La Grecia è stata condannata a risarcire la famiglia di un migrante siriano morto nel 2015 a causa degli spari della Guardia costiera

Una foto di un motoscafo in mare
(AP Photo/Felipe Dana)

La Corte europea dei diritti dell’uomo ha stabilito che nel 2014 la Grecia violò il diritto alla vita di un migrante siriano, Belal Tello, morto più di un anno dopo essere stato colpito alla testa dagli spari della Guardia costiera greca contro l’imbarcazione su cui si trovava. Il tribunale, che ha sede a Strasburgo, ha condannato la Grecia a pagare 80mila euro di danni alla moglie e ai due figli di Tello.

La vicenda risale al settembre del 2014, quando la Guardia costiera greca fermò un motoscafo vicino a Pserimos, una piccola isola vicina alla costa turca.
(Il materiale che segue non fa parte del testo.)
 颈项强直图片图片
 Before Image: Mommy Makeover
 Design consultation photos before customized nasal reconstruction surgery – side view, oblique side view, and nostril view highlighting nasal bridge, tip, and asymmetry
L’imbarcazione trasportava 14 persone, tra cui Tello. Secondo la ricostruzione della Corte gli agenti della Guardia costiera iniziarono a sparare al motore del motoscafo nel tentativo di fermarlo, ferendo però due persone a bordo: una era Tello, che morì più di un anno dopo in ospedale in Svezia, dove risiedeva la sua famiglia.

Il governo greco si è difeso dicendo che non c’erano prove per sostenere che la morte di Tello fosse legata alle ferite subite per gli spari della Guardia costiera: nel ricorso presentato dalla famiglia di Tello lo scorso giugno invece era stato consegnato alla Corte un certificato di morte redatto in Svezia in cui si diceva che la morte era stata causata dalla complicazione di una lesione cerebrale dovuta proprio a quelle ferite. Secondo la sentenza della Corte sparare al motore di una nave in movimento è «estremamente pericoloso» e la Guardia costiera «non ha esercitato la necessaria vigilanza per ridurre al minimo qualsiasi rischio per la vita»: avrebbe quindi fatto «un uso eccessivo della forza nel contesto di norme poco chiare sull’uso delle armi da fuoco», dice la sentenza.